- Required work: Whatever pictures appear, omit them, and repeat the data below exactly.

- Data:
··········

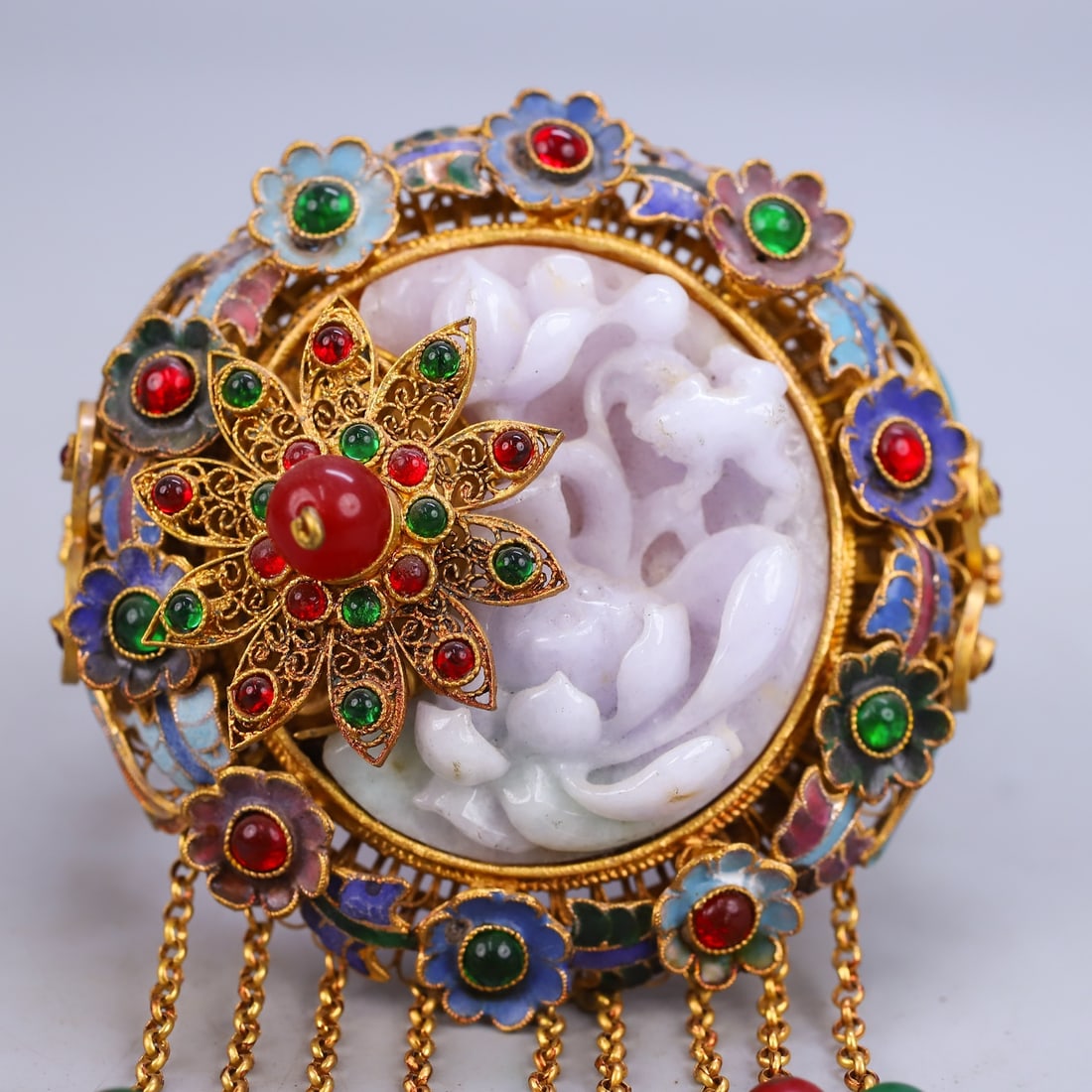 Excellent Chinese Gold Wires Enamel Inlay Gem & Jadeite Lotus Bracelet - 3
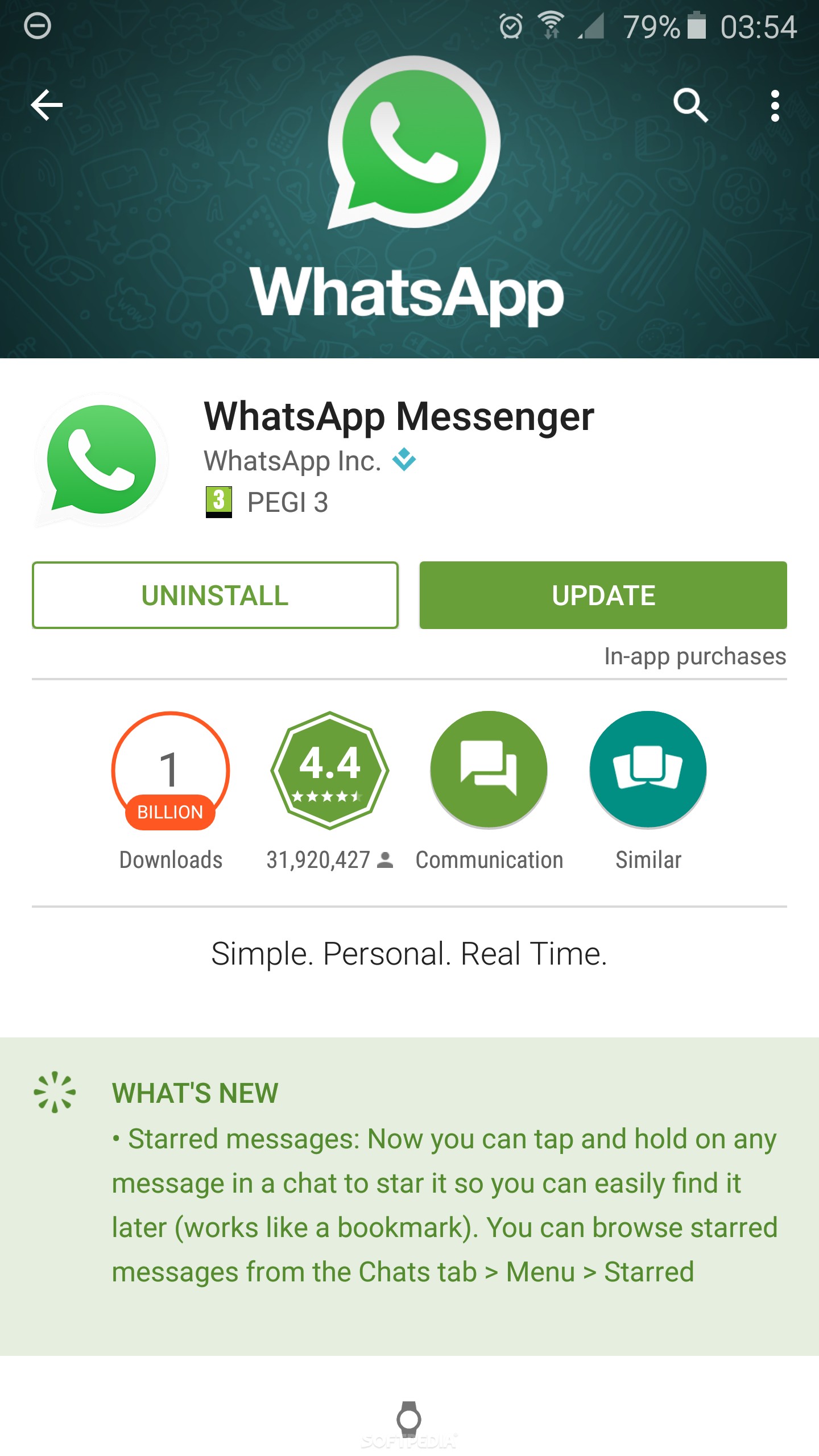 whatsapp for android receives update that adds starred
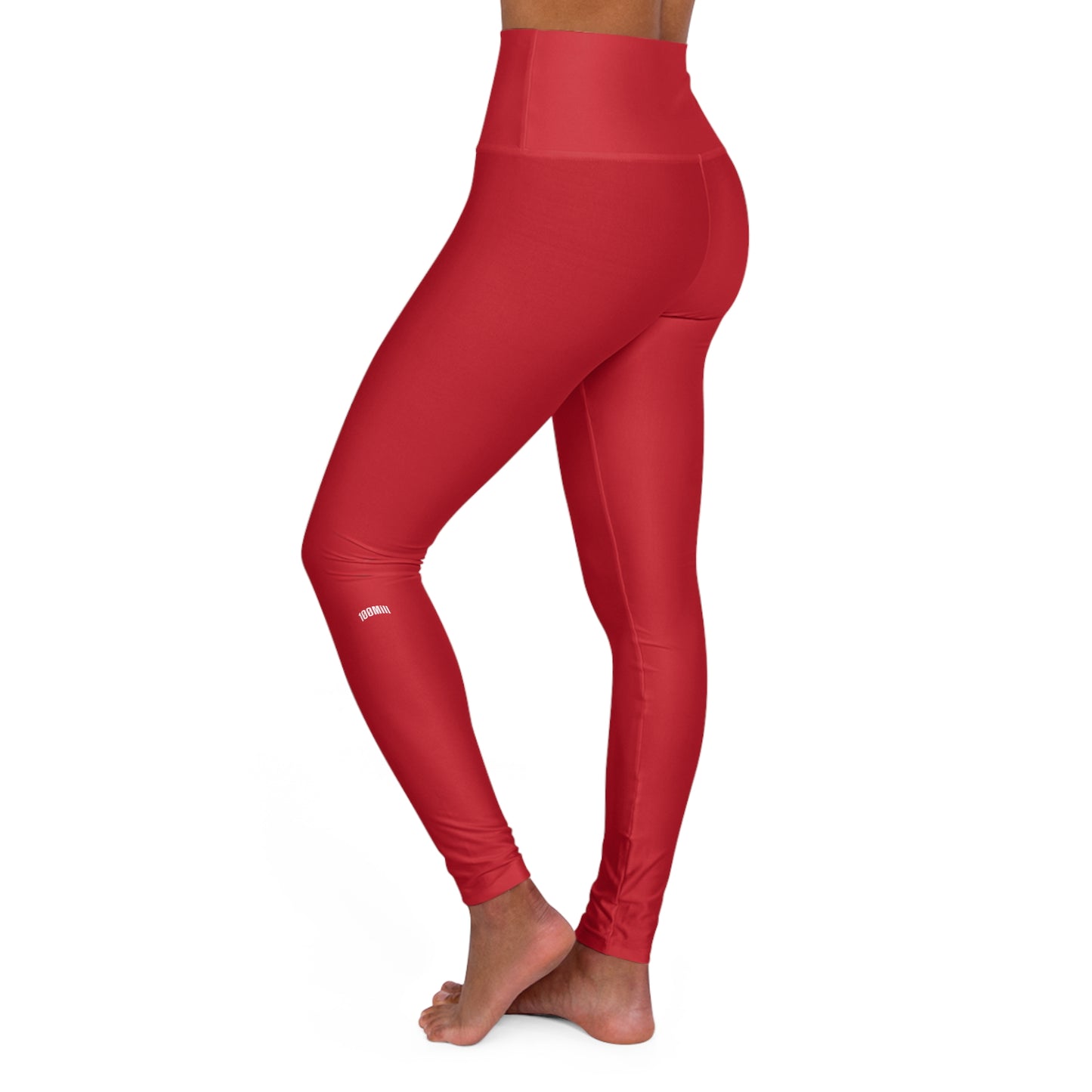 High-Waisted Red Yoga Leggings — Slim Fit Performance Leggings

··········

- Solution:
 Excellent Chinese Gold Wires Enamel Inlay Gem & Jadeite Lotus Bracelet - 3
 whatsapp for android receives update that adds starred
 High-Waisted Red Yoga Leggings — Slim Fit Performance Leggings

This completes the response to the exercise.